Guy Verlinde & Tom Eylenbosch – Promised Land Blues | Album Review

Guy Verlinde & Tom Eylenbosch – Promised Land Blues

Bandr Music BANDRCD01

www.guyverlinde.com

11 songs – 40 minutes

Guy Verlinde and Tom Eylenbosch captured top duo in last year’s Belgian Blues Awards with a sound buried deep in tradition. But they hold nothing back on this sweet, swinging album, speaking their minds through socially critical originals that work perfectly with tunes culled from the American songbook.

With 17 previous albums to his credit, Guy’s in his late 40s and had been a major figure in Europe for decades because of his unique ability to connect with audiences through live performance. Headlining major clubs and festivals, the guitarist/percussionist has shared billing with B.B. King, Tony Joe White, Santana, Canned Heat and dozens of others.

Tom is only in his mid-20s but has been teaching piano professionally since his mid-teens and delivers intricate melodies and vocals to the mix. Nicknamed “Brittle Bones” because of health issues in childhood, he found solace in the music of Otis Spann, Jerry Lee Lewis and Dr. John. He doubles on banjo and washboard, too.

They’re joined by guest appearances by harp players Olivier Vander Bauwede and Steven Troch and upright bassist René Stock with Tammy J. and the John Olus Gospel Choir providing backing vocals.

A straight-forward blues with timeless appeal, the original opener, “Heaven Inside My Head,” finds Verlinde shedding all his doubts, fears and more and finding peace of mind at last. Eylenbosch’s runs on the 88s reflect his joy. Things go immediately go south from the downbeat with the slow-blues “Tears Over Gaza.” Guy emulates Spann at his emotion-packed best as Tom describes “watching genocide on TV…they’re killin’ innocent children and letting the murderers go free.”

Troch joins the action for a traditional reading of Blind Boy Fuller’s “A Worried Man Blues” and shines on the positive, uptempo original, “I’ve Got You,” which celebrates the fact that that’s all Verlinde has to know. Mississippi Fred McDowell’s “You Gotta Move” – about the inevitability of death – darkens the mood despite it’s sweet, finger-picked delivery as does “Reckonin’ Blues,” which foretells of a storm coming – whether barometric or political — and the need to take action in order to survive.
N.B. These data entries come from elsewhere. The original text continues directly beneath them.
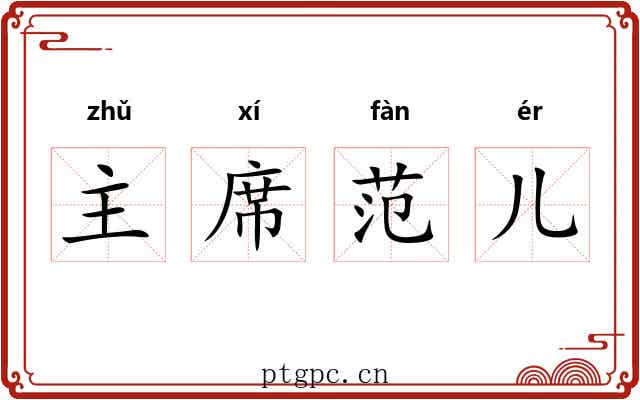 主席范儿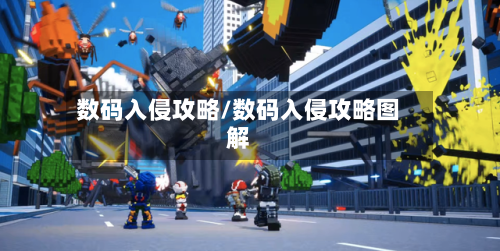 数码入侵攻略/数码入侵攻略图解
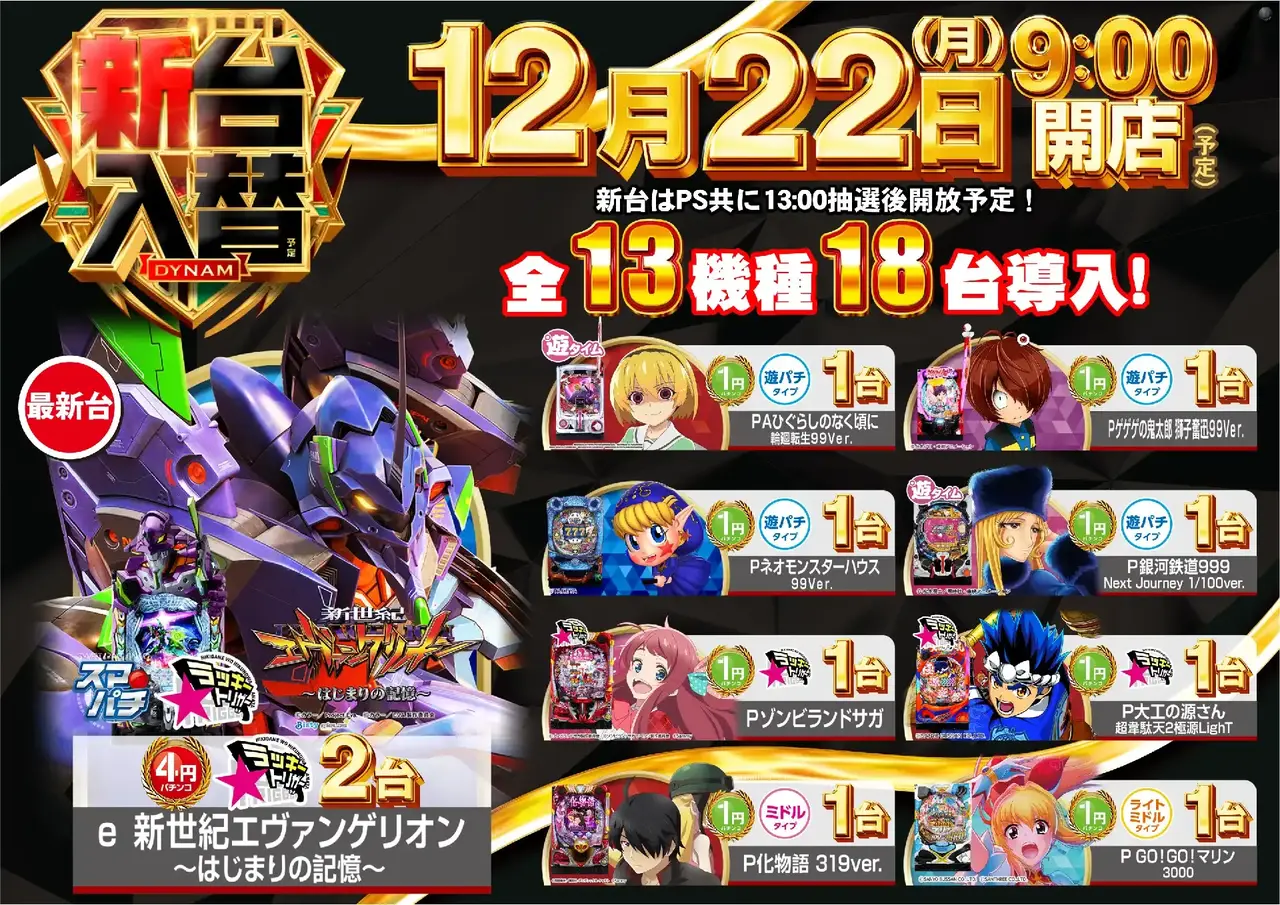 1222%e3%83%91%e3%83%81%e3%83%b3%e3%82%b3%e6%b1%8e%e7%94%a8%e6%a8%aapstaz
Bauwede shines mid-tune.

Things get quiet and somber as Eylenbosch’s extended keyboard solo opens “Gotta Let You Go,” which mourns the end of a relationship and the necessity to move on, and dovetails with the uptempo country blues, “Hard to Admit,” in which Guy confesses to his lady that he’s not correct all the time. Eylenbosch’s two-fisted barrelhouse delivery helps ease the pain of making the admission.

The original, stop-time “Do That Boogie” finds Tom driving the action, and it would have fit perfectly in a playlist in the ’50s, but brings the happiness in this disc to an end. “Pursuit of Happiness” deals with “life being a bitch, I confess,” before Eylenbosch’s gentle runs on the keys support “World Goin’ Wrong,” a stark warning about our troubled times.

Sure, there’s darkness here, but there’s plenty of fine, fine musicianship, too. A winner on all counts!